It turns out this model supports any language in the frontend, without requiring that yet-to-be-defined language having to explicitly handle 'queuebusters'.
Standing back a bit we see:
So this is really a cache consistency problem. A cache always brings a tradeoff between consistency and performance. Under this angle 'readahead' really means 'generate blocks as long as the state cache is valid'.
The key term here is 'reference': that is, when state is referred to, either implicitly or explicitly.
Some machine operations 'taint' certain parameters. For instance, 'probe' taints the current point, and parameters #5061 up to #5070.
Tainting here means: 'the result of the affected parameter cannot be determined at this point (readahead time)'. Not every change to a parameter taints it: for instance, for endpoint calculation, if the starting point is known, then the endpoint will be known to match between interp and machine, so for instance a move does not taint the current point..
Lets look at an example program under the angle 'what information gets tainted by which operation':
N10 G90 N20 G38.2 (taints current point, i.e. #5420-#5428, plus #5061 and #5070) N30 G91 N40 G0 X5 (implicit state reference to current point, #5420-#5428) N50 o100 if [#5070 EQ 1] (explicit state reference to #5070)
By tracking the tainting behavior of an instruction, it is possible to automatically determine that a synchronization of the tainted state is required, and where that must happen the latest.
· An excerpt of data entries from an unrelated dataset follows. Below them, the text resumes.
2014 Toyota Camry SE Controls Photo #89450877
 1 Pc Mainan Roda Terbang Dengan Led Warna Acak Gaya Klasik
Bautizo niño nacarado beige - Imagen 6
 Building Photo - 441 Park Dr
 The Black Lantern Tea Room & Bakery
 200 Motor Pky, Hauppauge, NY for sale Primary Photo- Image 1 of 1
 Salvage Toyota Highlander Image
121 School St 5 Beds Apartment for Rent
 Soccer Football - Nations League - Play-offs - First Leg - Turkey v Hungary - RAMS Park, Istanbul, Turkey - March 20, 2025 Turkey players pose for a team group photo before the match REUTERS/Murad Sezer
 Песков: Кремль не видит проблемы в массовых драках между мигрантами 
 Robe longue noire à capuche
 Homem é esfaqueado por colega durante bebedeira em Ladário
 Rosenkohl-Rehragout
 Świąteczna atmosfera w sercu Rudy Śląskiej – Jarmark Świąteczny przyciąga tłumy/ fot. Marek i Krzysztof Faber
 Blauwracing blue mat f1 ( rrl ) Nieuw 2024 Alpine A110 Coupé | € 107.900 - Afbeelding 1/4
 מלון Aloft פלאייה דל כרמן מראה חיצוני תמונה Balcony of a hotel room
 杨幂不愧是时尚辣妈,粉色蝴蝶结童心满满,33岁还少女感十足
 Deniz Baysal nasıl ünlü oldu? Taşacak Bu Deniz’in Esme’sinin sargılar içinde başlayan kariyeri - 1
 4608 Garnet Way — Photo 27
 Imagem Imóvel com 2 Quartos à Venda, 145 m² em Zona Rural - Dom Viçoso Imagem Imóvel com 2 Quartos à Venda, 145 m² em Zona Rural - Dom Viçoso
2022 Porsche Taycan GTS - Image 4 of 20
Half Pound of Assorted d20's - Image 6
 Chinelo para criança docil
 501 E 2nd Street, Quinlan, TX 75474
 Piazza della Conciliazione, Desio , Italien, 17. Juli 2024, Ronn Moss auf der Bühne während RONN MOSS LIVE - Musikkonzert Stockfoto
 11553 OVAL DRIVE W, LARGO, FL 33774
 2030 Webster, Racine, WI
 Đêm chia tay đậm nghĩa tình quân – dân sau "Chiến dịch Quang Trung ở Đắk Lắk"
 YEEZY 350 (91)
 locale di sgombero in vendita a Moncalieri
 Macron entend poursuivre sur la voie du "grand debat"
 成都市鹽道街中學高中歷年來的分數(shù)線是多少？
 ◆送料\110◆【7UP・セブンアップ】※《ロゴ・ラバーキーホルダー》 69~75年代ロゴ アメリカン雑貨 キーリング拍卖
In the above example, syncing #5420-#5428 must happen before N40 is executed, and syncing #5070 must happen before N50 is executed.
If we classify interpreter state with respect to tainting we find:
Going through the #5xxx parameters at http://www.linuxcnc.org/docs/devel/html/gcode/overview.html#_numbered_parameters_a_id_sub_numbered_parameters_a we find:
Since the current point is often used, we define its own category for it:
So we really have only 4 tainting categories: never, by probe, by input read, by toolchange. For further discussion, we better rename 'by input read' to mean 'assume as always tainted' . Because it is so common, we add a fifth category: 'current point' (current point valid)
When a category gets tainted, all parameters which are in that category become stale cache values. When any stale parameter is needed as reference, it needs to be refreshed 'by sync'.
Let's assume we want to introduce a new parameter, 'execution time', and give it #5500 for now. We want it to reflect the execution time, in seconds, when the referencing statement is executed. So a use case would be:
(debug, we are now #5500 seconds into the program)
Clearly, this is a parameter which must be considered 'always tainted' - it is a queuebuster parameter. So to create meaningful output, readahead must stop before this block, wait until the machine 'executes' this statement, signaling that point in execution has been reached. Then it would be ok to determine the elapsed time, set #5500, and continue.
So we'd add #5500 to the 'always tainted' category above.
I chose the 'execution time' example on purpose - there is no corresponding G-code 'operation', there is just a parameter reference, and *still* we have a queuebuster?
The important conclusion is: readahead needs stopping *when stale state is referenced*, not when 'some queuebuster operation is executed'.
The inverse is also true: Not all programs containing our former 'queuebuster operations' actually need syncing - only those referencing stale state do.
That realization suggests that 'queuebusting' better be handled at the state reference level, not at the operation model.
For each block, we can determine the static pre- and postconditions with respect to state references at parse time:
Then we have a 'current cache condition' which describes which state categories are currently in sync. At program start or interpreter initialization, the 'current cache condition is set to 'all state references invalid:
valid = {}
This will cause an initial sync, so post-sync we have
valid = {'byprobe','bytoolchange', 'currentpoint'}.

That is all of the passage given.